29.   Selon la jurisprudence, l’article 3, paragraphe 1, sous c), de la directive sur les marques poursuit un intérêt public spécifique, à savoir que tous les signes et indications pouvant servir à désigner des caractéristiques des produits ou services pour lesquels l’enregistrement est demandé doivent pouvoir être à la libre disposition de tous (10). L’intérêt public de ne pas permettre d’enregistrer et de protéger comme marque une combinaison de mots qui est descriptive est clair. Un enregistrement de cette nature empêcherait d’autres entreprises (et donc des concurrents éventuels) d’employer des termes évidents pour décrire leurs produits aux consommateurs (11), en leur infligeant de la sorte un handicap sur le plan de la concurrence. Cela heurterait directement l’objectif de la directive sur les marques qui met en place une harmonisation partielle en vue d’éliminer «des disparités qui peuvent entraver la libre circulation des produits ainsi que la libre prestation des services et fausser les conditions de concurrence dans le marché commun» (12).

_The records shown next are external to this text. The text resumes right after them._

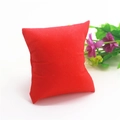Red jewelry display pillow for watch storage and bracelet presentation on white background - Red Non-woven Fabric 7.6x8.5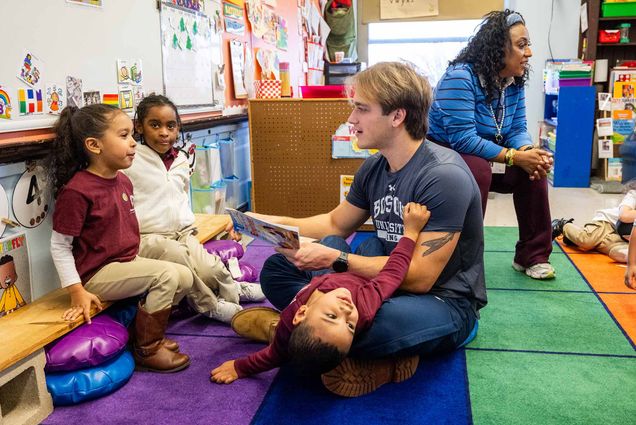 Photo: A young blonde man reads to small children for a BU event. A kid hangs off his lap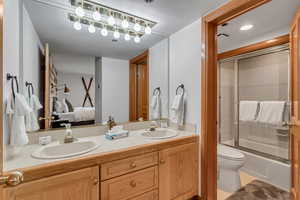 Bathroom with double vanity, ensuite bathroom, and bath / shower combo with glass door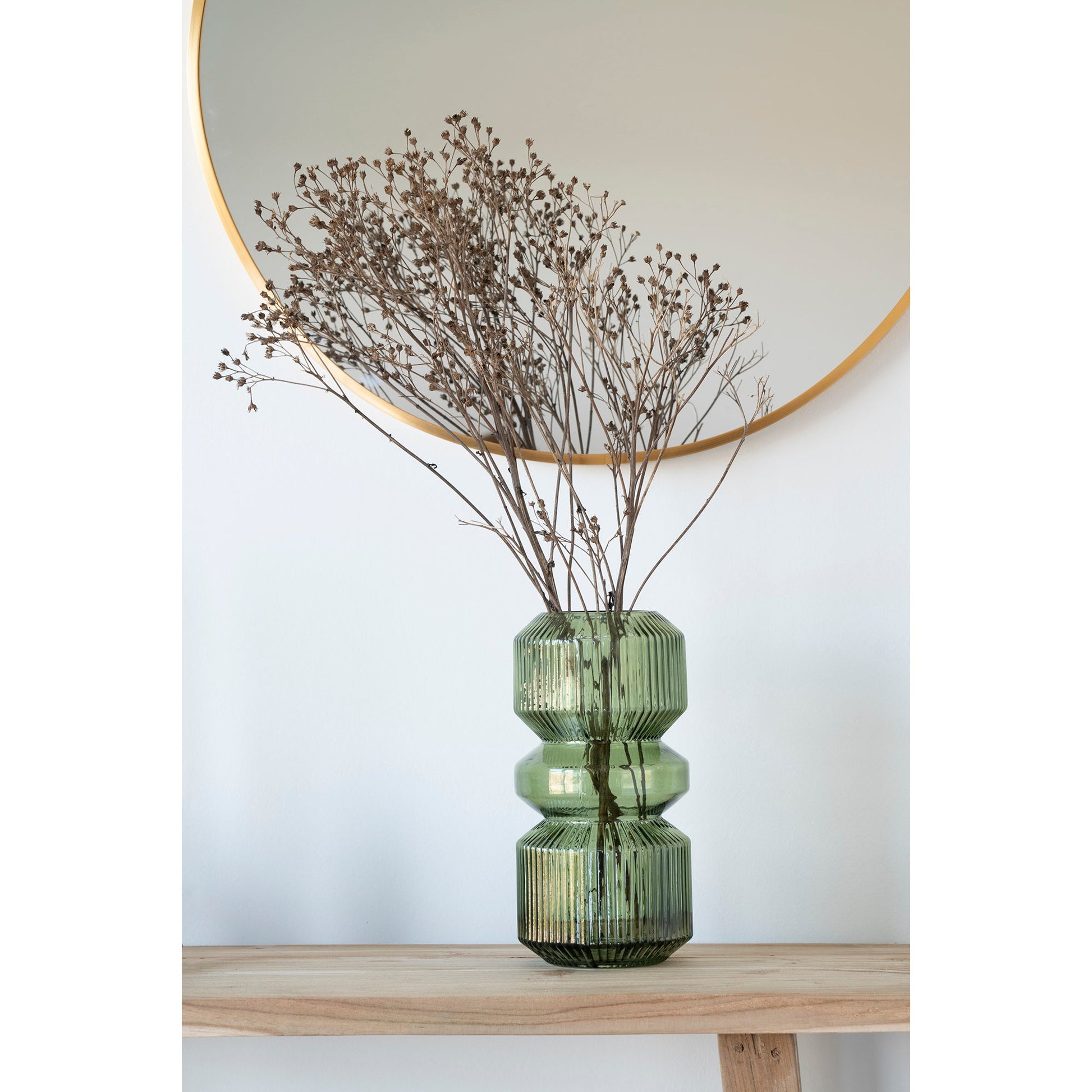 Groene glazen vaas met gedroogde takken op houten plank, tegen witte achtergrond en ronde spiegel.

 Analyse sous l’angle de l’article 3, paragraphe 1, sous b), de la directive sur les marques et/ou de l’article 3, paragraphe 1, sous c), de ladite directive

30.   Ce qui importe pour examiner sous l’angle de l’article 3, paragraphe 1, sous b), de la directive sur les marques et/ou de l’article 3, paragraphe 1, sous c), de la même directive si une marque est (respectivement) dépourvue de caractère distinctif ou est descriptive des produits ou des services pour lesquels l’enregistrement est demandé (13), c’est la perception qu’en ont les «milieux intéressés». Dans la définition qui en est donnée, les milieux intéressés sont constitués par le commerce et le consommateur moyen de ces produits ou services, normalement informé et raisonnablement attentif et avisé (14).

31.   La Cour a reconnu que, en raison des différences linguistiques, culturelles, sociales et économiques entre les États membres, une marque qui est dépourvue de caractère distinctif ou est descriptive des produits ou des services concernés dans un État membre ne le soit pas dans un autre État membre (15) et puisse dès lors être régulièrement enregistrée dans ce deuxième État membre. De surcroît, la Cour a récemment indiqué que l’article 3, paragraphe 1, sous b) et c), de la directive sur les marques ne s’oppose pas à l’enregistrement dans un État membre, en tant que marque nationale, d’un vocable emprunté à la langue d’un autre État membre dans laquelle il est dépourvu de caractère distinctif ou est descriptif des produits ou des services pour lesquels l’enregistrement est demandé, à moins que les milieux intéressés dans l’État membre dans lequel l’enregistrement est demandé soient aptes à identifier la signification de ce vocable (16).

32.   Autrement dit, des vocables qui ont un sens du fait de leur aptitude à décrire des produits ou des services ne peuvent pas être enregistrés en tant que marques, mais là où ils sont dépourvus de sens en raison de différences linguistiques, ils ne peuvent pas avoir de fonction descriptive. Aucun motif tiré de l’article 3, paragraphe 1, de la directive sur les marques ne s’oppose dès lors à leur enregistrement.

33.   Il s’ensuit que l’aptitude linguistique des milieux intéressés à identifier le sens d’un signe consistant en un vocable doit être prise en compte dans l’examen fait au regard de l’article 3, paragraphe 1, sous b), de la directive sur les marques et/ou de l’article 3, paragraphe 1, sous c), de la même directive.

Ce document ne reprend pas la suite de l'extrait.